The median household income was $19,760, which was the lowest median household income of any county in Tennessee, and the 27th lowest in the United States. The median family income was $25,372. Males had a median income of $23,150 and females $18,199. The per capita income was $11,986. About 25.30% of families and 29.40% of the population were below the poverty line, including 37.50% of those under age 18 and 30.70% of those age 65 or over.

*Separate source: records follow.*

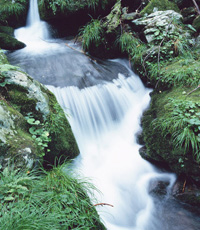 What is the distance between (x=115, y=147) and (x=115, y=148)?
26 mm

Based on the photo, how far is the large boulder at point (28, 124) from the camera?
2150mm

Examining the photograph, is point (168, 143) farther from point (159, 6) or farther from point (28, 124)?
point (159, 6)

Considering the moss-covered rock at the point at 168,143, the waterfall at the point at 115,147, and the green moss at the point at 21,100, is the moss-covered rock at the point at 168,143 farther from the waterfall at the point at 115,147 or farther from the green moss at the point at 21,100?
the green moss at the point at 21,100

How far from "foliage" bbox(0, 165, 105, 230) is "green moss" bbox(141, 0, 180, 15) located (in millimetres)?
5456

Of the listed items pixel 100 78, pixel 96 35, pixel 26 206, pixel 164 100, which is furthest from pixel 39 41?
pixel 26 206

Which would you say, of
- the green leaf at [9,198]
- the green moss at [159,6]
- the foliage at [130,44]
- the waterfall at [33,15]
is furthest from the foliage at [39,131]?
the waterfall at [33,15]

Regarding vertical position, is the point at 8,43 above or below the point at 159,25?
below

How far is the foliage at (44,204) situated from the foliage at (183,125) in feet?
5.15

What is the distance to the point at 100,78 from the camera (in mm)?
4785

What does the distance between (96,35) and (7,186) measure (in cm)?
501

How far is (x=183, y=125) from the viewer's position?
2807 millimetres

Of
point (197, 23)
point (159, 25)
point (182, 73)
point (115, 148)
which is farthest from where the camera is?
point (197, 23)

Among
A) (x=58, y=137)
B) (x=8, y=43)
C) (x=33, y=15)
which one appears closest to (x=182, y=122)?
(x=58, y=137)

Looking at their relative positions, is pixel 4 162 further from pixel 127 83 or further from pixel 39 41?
pixel 39 41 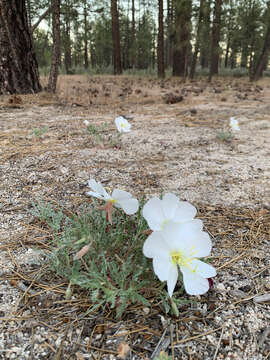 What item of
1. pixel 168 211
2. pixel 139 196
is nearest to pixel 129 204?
pixel 168 211

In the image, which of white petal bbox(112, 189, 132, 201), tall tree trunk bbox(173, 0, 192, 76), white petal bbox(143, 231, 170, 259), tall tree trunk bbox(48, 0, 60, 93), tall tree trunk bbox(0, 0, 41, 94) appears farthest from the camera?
tall tree trunk bbox(173, 0, 192, 76)

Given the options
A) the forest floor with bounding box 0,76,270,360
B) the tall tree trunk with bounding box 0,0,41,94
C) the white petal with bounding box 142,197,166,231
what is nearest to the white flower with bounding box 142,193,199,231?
the white petal with bounding box 142,197,166,231

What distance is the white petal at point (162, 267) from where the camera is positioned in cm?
78

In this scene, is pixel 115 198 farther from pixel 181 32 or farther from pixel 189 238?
pixel 181 32

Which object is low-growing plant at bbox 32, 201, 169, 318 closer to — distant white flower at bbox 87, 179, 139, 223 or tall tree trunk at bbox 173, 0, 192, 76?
distant white flower at bbox 87, 179, 139, 223

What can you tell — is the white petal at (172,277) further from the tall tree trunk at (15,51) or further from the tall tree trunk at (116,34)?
the tall tree trunk at (116,34)

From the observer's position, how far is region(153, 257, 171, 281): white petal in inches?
30.8

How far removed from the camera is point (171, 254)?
826mm

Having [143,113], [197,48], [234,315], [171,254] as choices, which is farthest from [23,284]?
[197,48]

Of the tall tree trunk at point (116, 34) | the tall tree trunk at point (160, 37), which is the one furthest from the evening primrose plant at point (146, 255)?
the tall tree trunk at point (116, 34)

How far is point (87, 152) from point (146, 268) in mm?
1729

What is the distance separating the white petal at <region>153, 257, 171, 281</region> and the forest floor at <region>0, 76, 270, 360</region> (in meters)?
0.24

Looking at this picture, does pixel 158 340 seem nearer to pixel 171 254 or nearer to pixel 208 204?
pixel 171 254

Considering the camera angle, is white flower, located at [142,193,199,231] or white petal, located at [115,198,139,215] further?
white petal, located at [115,198,139,215] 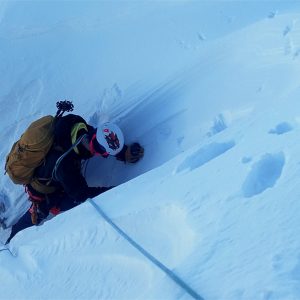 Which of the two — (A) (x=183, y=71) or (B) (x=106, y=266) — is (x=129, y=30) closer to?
(A) (x=183, y=71)

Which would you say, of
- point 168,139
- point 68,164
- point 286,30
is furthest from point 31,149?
point 286,30

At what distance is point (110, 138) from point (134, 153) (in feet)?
0.71

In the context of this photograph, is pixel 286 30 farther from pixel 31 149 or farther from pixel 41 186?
pixel 41 186

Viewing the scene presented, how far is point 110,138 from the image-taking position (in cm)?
292

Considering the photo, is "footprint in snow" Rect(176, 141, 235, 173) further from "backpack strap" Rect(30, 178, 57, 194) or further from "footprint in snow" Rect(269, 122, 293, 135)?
"backpack strap" Rect(30, 178, 57, 194)

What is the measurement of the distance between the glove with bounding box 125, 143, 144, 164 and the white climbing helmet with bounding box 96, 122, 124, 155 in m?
0.07

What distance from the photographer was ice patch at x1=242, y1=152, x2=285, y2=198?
66.6 inches

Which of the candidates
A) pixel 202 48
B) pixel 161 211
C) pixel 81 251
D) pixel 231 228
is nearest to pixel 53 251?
pixel 81 251

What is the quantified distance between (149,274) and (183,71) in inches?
74.6

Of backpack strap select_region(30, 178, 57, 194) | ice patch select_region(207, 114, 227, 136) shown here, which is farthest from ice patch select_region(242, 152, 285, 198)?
backpack strap select_region(30, 178, 57, 194)

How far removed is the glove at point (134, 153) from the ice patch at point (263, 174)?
1357 millimetres

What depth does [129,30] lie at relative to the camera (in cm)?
387

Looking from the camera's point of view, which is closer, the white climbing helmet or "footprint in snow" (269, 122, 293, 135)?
"footprint in snow" (269, 122, 293, 135)

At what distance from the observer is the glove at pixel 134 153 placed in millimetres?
3012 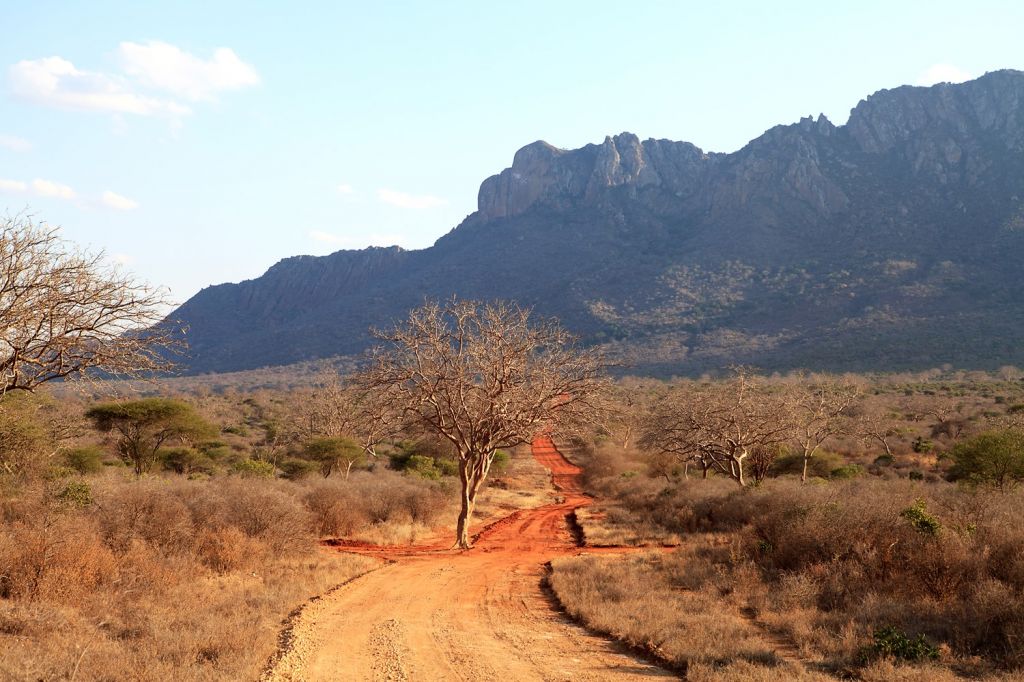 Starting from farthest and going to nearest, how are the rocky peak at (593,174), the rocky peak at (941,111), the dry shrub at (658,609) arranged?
the rocky peak at (593,174) → the rocky peak at (941,111) → the dry shrub at (658,609)

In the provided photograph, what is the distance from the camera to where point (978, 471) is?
21.6 m

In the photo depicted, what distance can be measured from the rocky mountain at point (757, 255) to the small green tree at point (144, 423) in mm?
39964

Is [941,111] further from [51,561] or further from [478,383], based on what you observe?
[51,561]

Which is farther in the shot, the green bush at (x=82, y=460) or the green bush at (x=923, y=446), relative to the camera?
the green bush at (x=923, y=446)

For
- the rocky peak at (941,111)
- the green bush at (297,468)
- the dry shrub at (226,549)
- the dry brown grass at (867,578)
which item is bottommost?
the green bush at (297,468)

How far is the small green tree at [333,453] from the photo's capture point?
33031mm

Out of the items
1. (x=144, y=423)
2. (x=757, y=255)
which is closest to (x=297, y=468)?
(x=144, y=423)

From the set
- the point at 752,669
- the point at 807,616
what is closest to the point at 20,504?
the point at 752,669

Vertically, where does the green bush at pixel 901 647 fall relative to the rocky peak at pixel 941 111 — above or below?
below

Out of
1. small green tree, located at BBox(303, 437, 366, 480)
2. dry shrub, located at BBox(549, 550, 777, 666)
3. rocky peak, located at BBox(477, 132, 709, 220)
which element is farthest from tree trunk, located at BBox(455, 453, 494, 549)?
rocky peak, located at BBox(477, 132, 709, 220)

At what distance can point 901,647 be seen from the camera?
831cm

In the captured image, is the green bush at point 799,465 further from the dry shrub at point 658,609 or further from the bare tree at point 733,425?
the dry shrub at point 658,609

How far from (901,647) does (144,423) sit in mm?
30792

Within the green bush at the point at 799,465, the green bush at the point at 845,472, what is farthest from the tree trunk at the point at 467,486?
the green bush at the point at 799,465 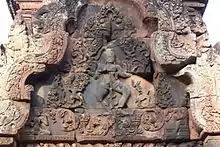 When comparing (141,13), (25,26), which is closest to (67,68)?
(25,26)

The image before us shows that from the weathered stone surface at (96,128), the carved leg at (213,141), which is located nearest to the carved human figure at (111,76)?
the weathered stone surface at (96,128)

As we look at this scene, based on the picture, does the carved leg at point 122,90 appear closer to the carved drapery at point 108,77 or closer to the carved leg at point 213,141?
the carved drapery at point 108,77

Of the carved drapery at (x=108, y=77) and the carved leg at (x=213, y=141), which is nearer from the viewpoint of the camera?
the carved leg at (x=213, y=141)

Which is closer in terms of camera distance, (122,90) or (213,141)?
(213,141)

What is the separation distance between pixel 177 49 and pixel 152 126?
92 centimetres

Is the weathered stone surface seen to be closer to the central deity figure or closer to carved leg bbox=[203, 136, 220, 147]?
the central deity figure

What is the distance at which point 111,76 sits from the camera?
6.71 meters

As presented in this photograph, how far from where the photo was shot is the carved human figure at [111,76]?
664 cm

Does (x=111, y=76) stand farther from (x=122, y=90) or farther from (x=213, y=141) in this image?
(x=213, y=141)

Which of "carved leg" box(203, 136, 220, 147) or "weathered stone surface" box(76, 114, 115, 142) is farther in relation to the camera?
"weathered stone surface" box(76, 114, 115, 142)

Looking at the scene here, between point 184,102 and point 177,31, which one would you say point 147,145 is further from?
point 177,31

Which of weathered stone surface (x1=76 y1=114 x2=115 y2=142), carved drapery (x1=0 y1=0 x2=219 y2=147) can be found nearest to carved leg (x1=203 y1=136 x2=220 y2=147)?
carved drapery (x1=0 y1=0 x2=219 y2=147)

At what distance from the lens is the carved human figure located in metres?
6.64

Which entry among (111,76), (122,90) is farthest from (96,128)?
(111,76) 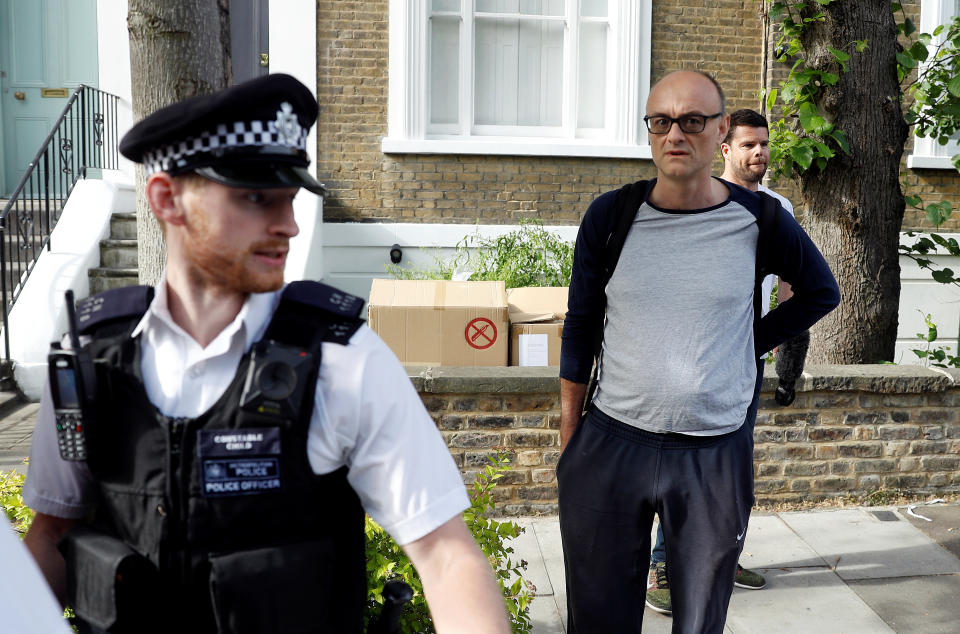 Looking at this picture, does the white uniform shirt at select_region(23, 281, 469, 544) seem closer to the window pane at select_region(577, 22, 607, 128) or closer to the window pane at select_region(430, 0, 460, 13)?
the window pane at select_region(430, 0, 460, 13)

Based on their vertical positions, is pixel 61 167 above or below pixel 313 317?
above

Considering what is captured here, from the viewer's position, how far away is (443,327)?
4.82 metres

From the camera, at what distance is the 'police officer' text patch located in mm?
1307

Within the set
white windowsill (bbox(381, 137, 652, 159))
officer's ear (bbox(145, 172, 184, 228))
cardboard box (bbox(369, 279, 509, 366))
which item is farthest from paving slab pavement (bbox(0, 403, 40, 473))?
officer's ear (bbox(145, 172, 184, 228))

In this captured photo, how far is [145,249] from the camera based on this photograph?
306 centimetres

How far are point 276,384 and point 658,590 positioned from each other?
2.90 metres

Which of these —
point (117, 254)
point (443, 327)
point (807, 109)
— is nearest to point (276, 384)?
point (443, 327)

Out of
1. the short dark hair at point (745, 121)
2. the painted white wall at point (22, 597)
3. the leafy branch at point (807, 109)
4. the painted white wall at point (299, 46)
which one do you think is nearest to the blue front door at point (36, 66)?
the painted white wall at point (299, 46)

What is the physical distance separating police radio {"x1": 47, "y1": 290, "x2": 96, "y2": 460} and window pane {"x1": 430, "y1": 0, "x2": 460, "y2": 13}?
25.6 feet

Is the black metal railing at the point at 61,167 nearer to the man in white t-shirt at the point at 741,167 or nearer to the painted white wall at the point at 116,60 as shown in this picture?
the painted white wall at the point at 116,60

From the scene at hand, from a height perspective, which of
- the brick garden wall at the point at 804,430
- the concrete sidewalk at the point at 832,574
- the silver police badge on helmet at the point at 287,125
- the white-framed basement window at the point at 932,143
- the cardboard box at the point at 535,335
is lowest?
the concrete sidewalk at the point at 832,574

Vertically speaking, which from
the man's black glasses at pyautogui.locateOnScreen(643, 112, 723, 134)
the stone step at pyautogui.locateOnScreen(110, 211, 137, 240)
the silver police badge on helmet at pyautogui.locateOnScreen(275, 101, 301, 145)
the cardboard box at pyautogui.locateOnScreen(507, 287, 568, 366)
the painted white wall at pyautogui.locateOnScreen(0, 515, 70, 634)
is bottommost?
the cardboard box at pyautogui.locateOnScreen(507, 287, 568, 366)

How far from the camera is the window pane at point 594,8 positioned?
8.74 m

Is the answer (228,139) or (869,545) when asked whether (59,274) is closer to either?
(869,545) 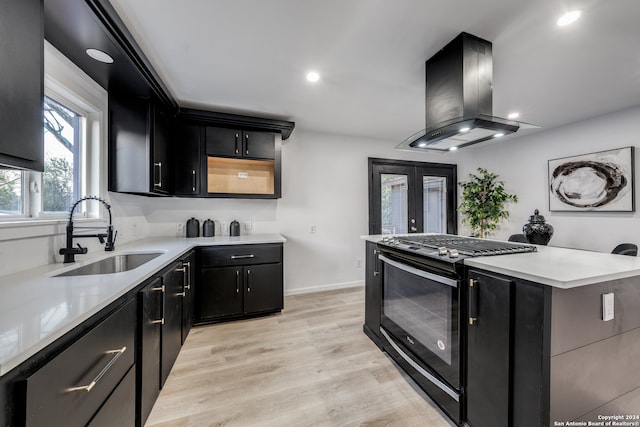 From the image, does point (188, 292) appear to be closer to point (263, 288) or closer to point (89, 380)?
point (263, 288)

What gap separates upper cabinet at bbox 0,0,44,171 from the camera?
35.3 inches

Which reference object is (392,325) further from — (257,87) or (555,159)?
(555,159)

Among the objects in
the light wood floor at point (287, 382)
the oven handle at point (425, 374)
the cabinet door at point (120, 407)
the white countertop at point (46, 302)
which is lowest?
the light wood floor at point (287, 382)

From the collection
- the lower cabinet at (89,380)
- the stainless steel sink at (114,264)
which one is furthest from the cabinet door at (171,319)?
the lower cabinet at (89,380)

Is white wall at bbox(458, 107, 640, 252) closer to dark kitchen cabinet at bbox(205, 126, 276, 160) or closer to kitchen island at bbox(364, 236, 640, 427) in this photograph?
kitchen island at bbox(364, 236, 640, 427)

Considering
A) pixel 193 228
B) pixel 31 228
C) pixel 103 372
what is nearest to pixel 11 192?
pixel 31 228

The county as of the fiscal year 2020, was designated as an "economically distressed" area by the state government, and is one of the poorest in the state. Hancock County is estimated to experience a massive population decline.

==Culture==
Hancock County is known particularly for its population of people of Melungeon ancestry, who are believed to be of mixed European, African, and Native American heritage. The Vardy Community School, which provided state-mandated education for Melungeon children in the early 20th century, is now a historic site located in the Newman's Ridge area.

==Communities==
===City===
- Sneedville (county seat)

===Unincorporated communities===
- Alanthus Hill
- Kyles Ford
- Mulberry Gap
- Treadway
- Xenophon

==Politics==

Like all of Unionist East Tennessee, Hancock County has been overwhelmingly Republican since the Civil War. Since the Republican Party first contested the state in 1868, every official Republican nominee has gained an absolute majority of Hancock County's vote, even William Howard Taft during 1912 when the GOP was bitterly divided. The only post-Civil War Democratic presidential nominee to even reach forty percent of Hancock County's vote has been Bill Clinton in 1992, when he was aided by the local popularity of Senator Al Gore, a Smith County native.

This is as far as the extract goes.